- EXERCISE PROMPT: Copying exactly, give the lines in the material below from the one with "300 Nesbit Lake Court, Atlanta, Georgia" to the one with "Olio Guglielmi logo", ends included, and nothing besides.

- THE DATA:
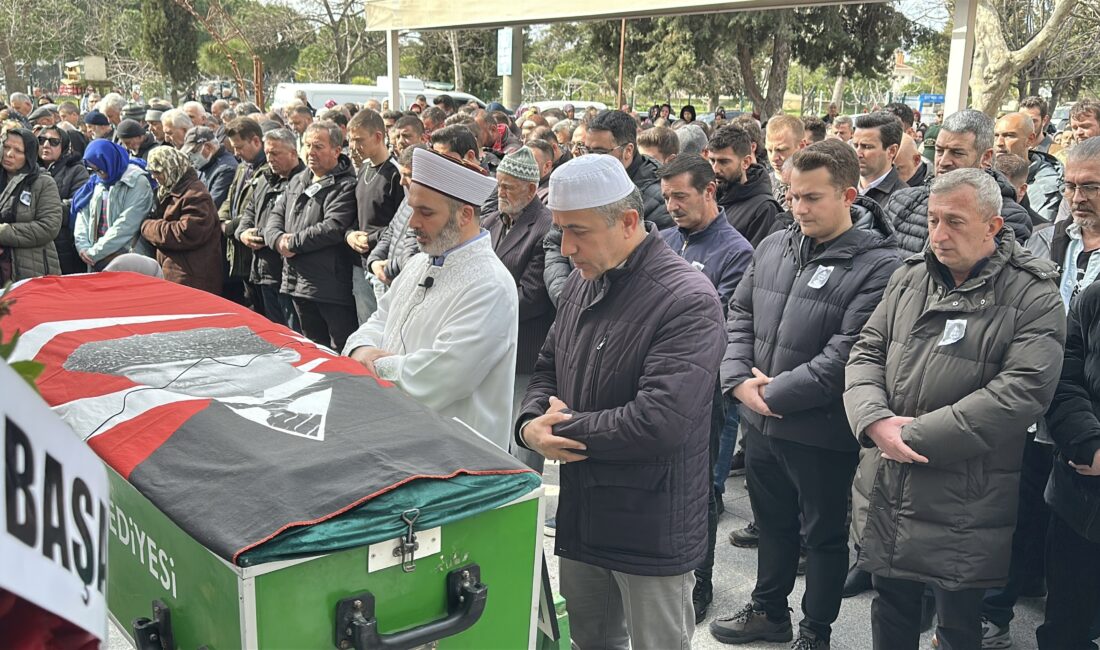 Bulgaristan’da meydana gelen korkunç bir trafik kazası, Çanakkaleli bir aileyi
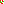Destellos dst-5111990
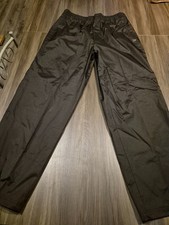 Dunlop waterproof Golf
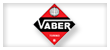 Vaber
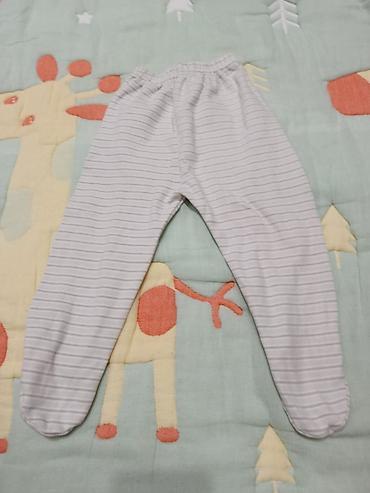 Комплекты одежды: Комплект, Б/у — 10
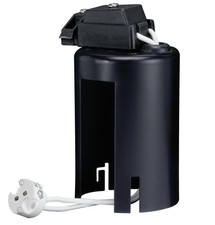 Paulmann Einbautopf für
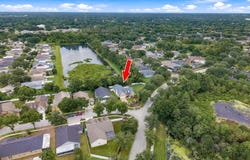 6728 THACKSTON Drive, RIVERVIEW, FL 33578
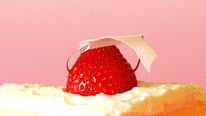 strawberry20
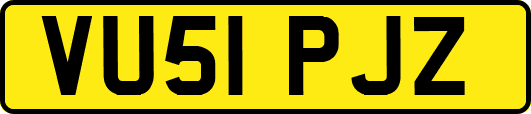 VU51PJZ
==
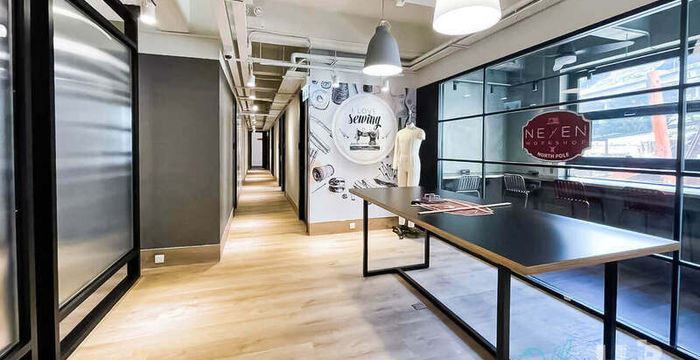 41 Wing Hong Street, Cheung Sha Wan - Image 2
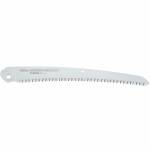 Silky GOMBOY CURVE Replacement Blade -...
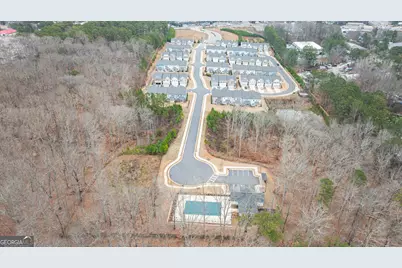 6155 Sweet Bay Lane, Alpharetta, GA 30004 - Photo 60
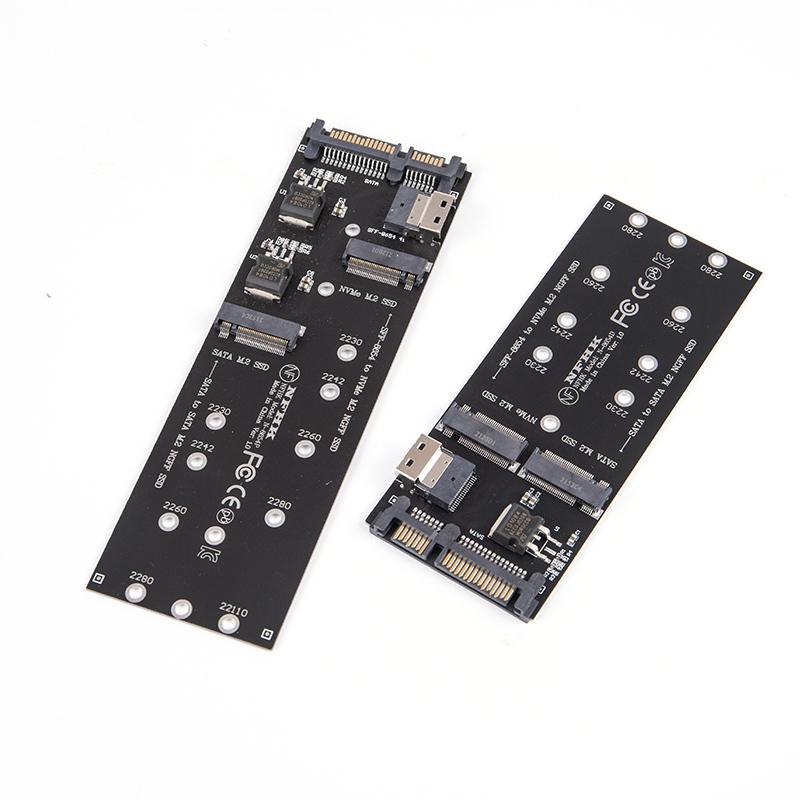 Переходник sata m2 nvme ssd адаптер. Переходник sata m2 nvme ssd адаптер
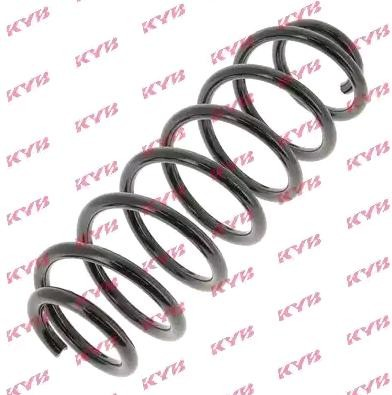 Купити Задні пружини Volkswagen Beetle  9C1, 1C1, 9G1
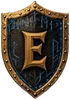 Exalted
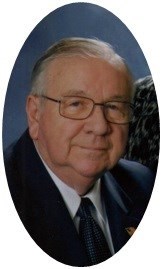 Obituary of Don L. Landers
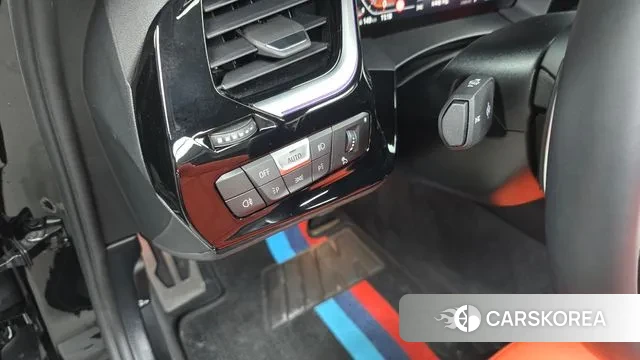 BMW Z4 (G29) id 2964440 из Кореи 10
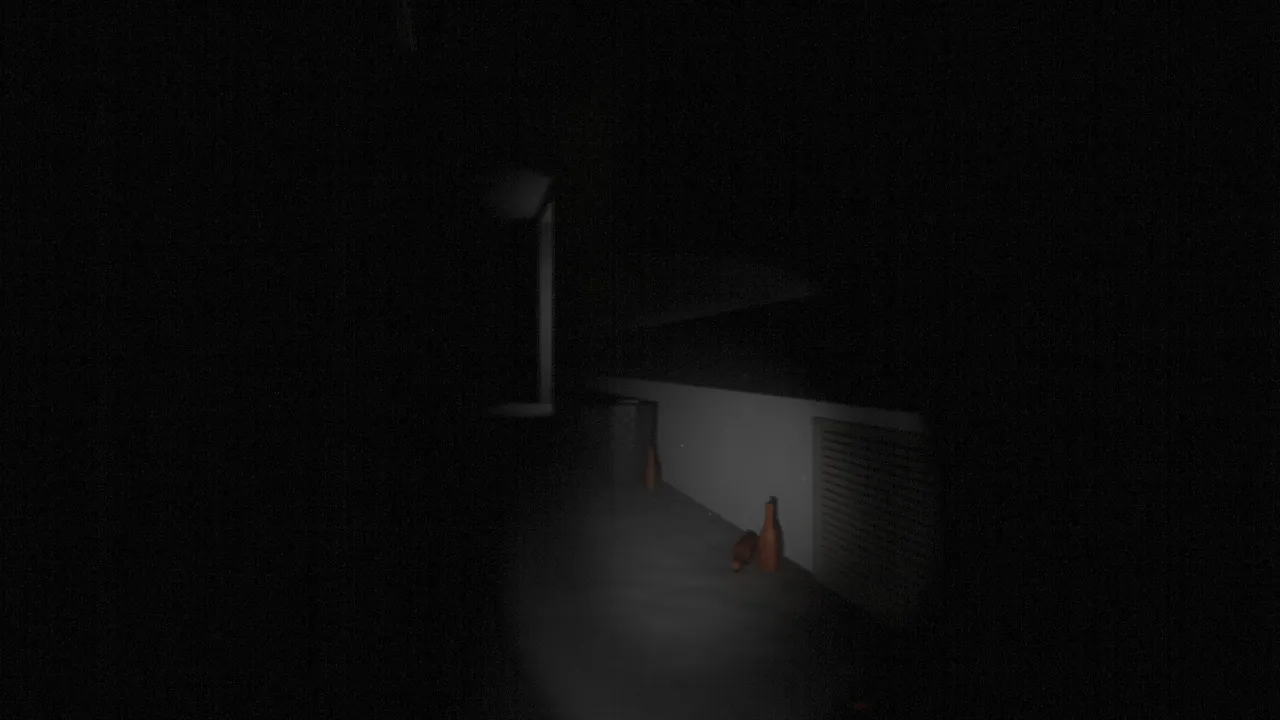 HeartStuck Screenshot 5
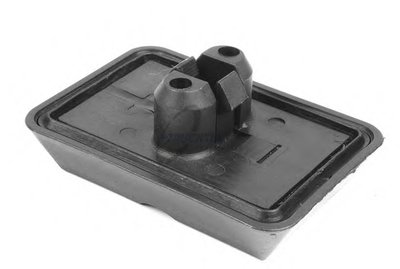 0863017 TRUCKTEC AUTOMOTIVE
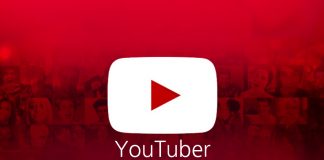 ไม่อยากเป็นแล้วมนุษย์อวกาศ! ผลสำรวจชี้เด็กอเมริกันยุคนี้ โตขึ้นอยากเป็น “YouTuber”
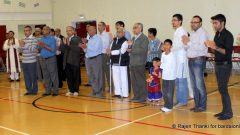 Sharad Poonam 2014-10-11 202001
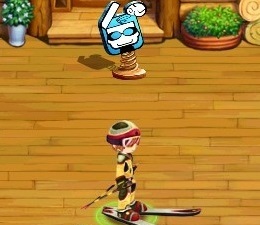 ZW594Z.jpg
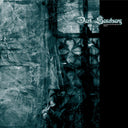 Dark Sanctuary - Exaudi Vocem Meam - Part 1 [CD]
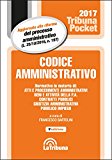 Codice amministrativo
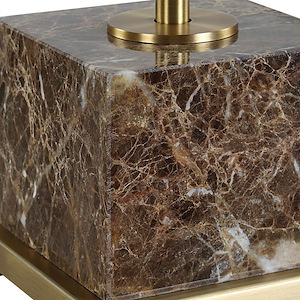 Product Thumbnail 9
--
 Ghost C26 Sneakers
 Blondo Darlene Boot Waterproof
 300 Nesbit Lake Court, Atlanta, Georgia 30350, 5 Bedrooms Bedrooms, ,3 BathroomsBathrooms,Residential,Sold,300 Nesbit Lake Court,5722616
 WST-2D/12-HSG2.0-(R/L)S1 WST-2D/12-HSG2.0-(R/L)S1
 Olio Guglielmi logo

- SOLUTION BELOW:
 300 Nesbit Lake Court, Atlanta, Georgia 30350, 5 Bedrooms Bedrooms, ,3 BathroomsBathrooms,Residential,Sold,300 Nesbit Lake Court,5722616
 WST-2D/12-HSG2.0-(R/L)S1 WST-2D/12-HSG2.0-(R/L)S1
 Olio Guglielmi logo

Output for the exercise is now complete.